Following the convention in the semiparametric causal inference literature, we call $a,f,\mu$ “nuisance functions”. tchetgen2012semiparametric derived the EIF of $\phi(d,d^{\prime})$ : $\mathsf{EIF}_{d,d^{\prime}}\equiv\psi_{d,d^{\prime}}(O)-\phi(d,d^{\prime})$ , where

	$\displaystyle\psi_{d,d^{\prime}}(O)$	$\displaystyle=\frac{\mathbbm{1}\{D=d\}\cdot f(M\|X,d^{\prime})}{a(d\|X)\cdot f(M\|X,d)}(Y-\mu(X,d,M))$
		$\displaystyle+\left(1-\frac{\mathbbm{1}\{D=d^{\prime}\}}{a(d^{\prime}\|X)}\right)\int_{m\in\mathcal{M}}\mu(X,d,m)f(m\|X,d^{\prime})\mathrm{d}m+\frac{\mathbbm{1}\{D=d^{\prime}\}}{a(d^{\prime}\|X)}\mu(X,d,M).$		(2)

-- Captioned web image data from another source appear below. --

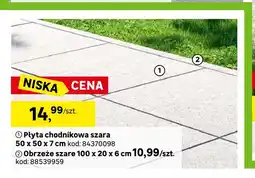Leroy Merlin Płyta chodnikowa szara 50x50x7 cm oferta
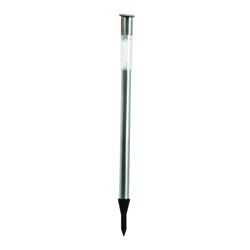 Solar-Powered Stainless Steel Post Light
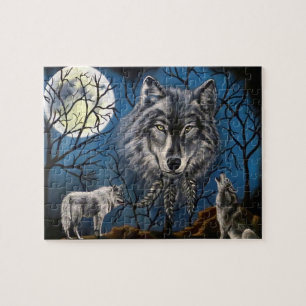 Spirt Wolf Puzzle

The nuisance functions $\mu(x,d,m)$ , $a(d|x)$ and $f(m|x,d)$ appeared in $\psi_{d,d^{\prime}}(o)$ are unknown and generally high-dimensional. But with a sample $\mathcal{D}\equiv\{O_{j}\}_{j=1}^{N}$ of the observed data, based on $\psi_{d,d^{\prime}}(o)$ , one can construct the following generic sample-splitting multiply-robust estimator of $\phi(d,d^{\prime})$ :

\widetilde{\phi}(d,d^{\prime})=\frac{1}{n}\sum_{i\in\mathcal{D}_{n}}\widetilde{\psi}_{d,d^{\prime}}(O_{i}),

(3)

where $\mathcal{D}_{n}\equiv\{O_{i}\}_{i=1}^{n}$ is a subset of all $N$ data, and $\widetilde{\psi}_{d,d^{\prime}}(o)$ replaces the unknown nuisance functions $a,f,\mu$ in $\psi_{d,d^{\prime}}(o)$ by some generic estimators $\widetilde{a},\widetilde{f},\widetilde{\mu}$ computed using the remaining $N-n$ nuisance sample data, denoted as $\mathcal{D}_{\nu}$ . Cross-fit is then needed to recover the information lost due to sample splitting; see Algorithm 3.1. It is clear from (2) that $\widetilde{\phi}(d,d^{\prime})$ is a consistent estimator of $\phi(d,d^{\prime})$ as long as any two of $\widetilde{a},\widetilde{f},\widetilde{\mu}$ are consistent estimators of the corresponding true nuisance functions, hence the name “multiply-robust”. Throughout this paper, we take $n\asymp N-n$ and assume:

v.

Any nuisance function estimators are strictly bounded within the respective lower and upper bounds of $a,f,\mu$ .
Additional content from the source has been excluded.